Thursday, February 17, 2011

Meanwhile, Back at the S.P.C.A.

Compared to most other animals, rabbits have the neatest poop ever. That’s one thing I was grateful for this morning as I cleaned cages in the Small Animal part of our local animal adoption center. I was also enjoying how quiet rabbits are until Houdini, a white furred, pink eyed, good sized, Easter-style rabbit huffed at me. Hufff hufff huff!

Here am I, Bunny Goddess, about to bestow fresh bedding and alfalfa pellets, and he has the nerve to get all huffy at me. But I gave him some space and hurried up with the food, so he got quiet again and munchy. I tried to remember if any divinities were ever so humbled by those they patronized in the old stories.

Later in the morning, I took on a new job helping with a show and tell and story program for young children. We set up coloring stations and put on music, placed quilts on the floor for the story time, and greeted our guests. They were so young that they were mostly pre-verbal, but bright-eyed and pink cheeked. Today’s animals were conures, small parrots with large black eyes, green and blue bodies, red tails and almost iridescent, sturdy beaks. We put a little fence around the cage against the curiosity of little fingers.

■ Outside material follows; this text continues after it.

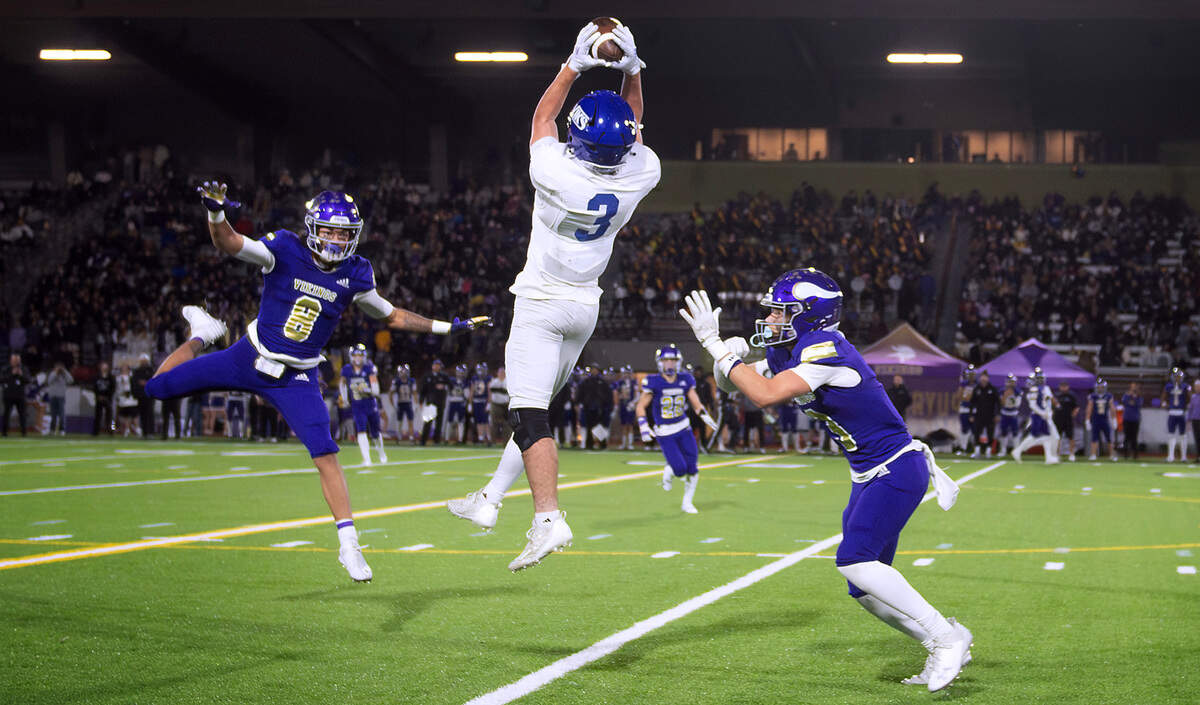 Curtis wide receiver Parker Mady pulls in a leaping catch b between Puyallup defenders Seanje’ Finister (8) and Jayden Woodland during Friday night’s football game at Sparks Stadium in Puyallup, Washington, Oct. 25, 2024. Puyallup won the game, 49-35.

Encouraged not to expect too much from such little ones, I noticed that some wandered off or sat down to coloring. Before long children and adults surrounded the cage where One, Two, Three, Four and Five were perched like a line of clones. Five pairs of birds'eyes followed us. Our leader pointed out the special features of birds – wings, feathers, beaks – and a few children flapped their arms and grinned. They got it, the sameness and the difference of these jewel bright animals.

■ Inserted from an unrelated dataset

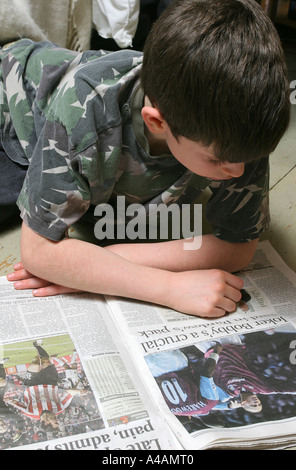 Ein acht Jahre alter Junge lesen den Sportteil der London Evening Standard auf dem Boden zu Hause, Februar 2006. Stockfoto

As the room filled up with toddlers, infants, and adults, the birds suddenly relaxed and moved to the bars, the swing, the seed cups, whistling and calling out – to each other and to us. Suddenly we weren’t people staring here and birds frozen in fear there, but two communities appreciating one another, talking and connecting in ways you could barely see but could feel. The room got noisier and noisier and the leader clapped her hands so the people knew to settle in for a story. And the five green birds, they grew quiet, too, and stayed that way until the story’s end.

Being with animals often reminds me of my perch in the grand schematic, which is good for the ego and lifts the spirit, kind of like wings.

1 comment:

  1. This is a lovely description of fleeting, yet endearing symbiosis. I am sure that the birds enjoyed the story as much as the young children did...you made me feel like I was in the room with you.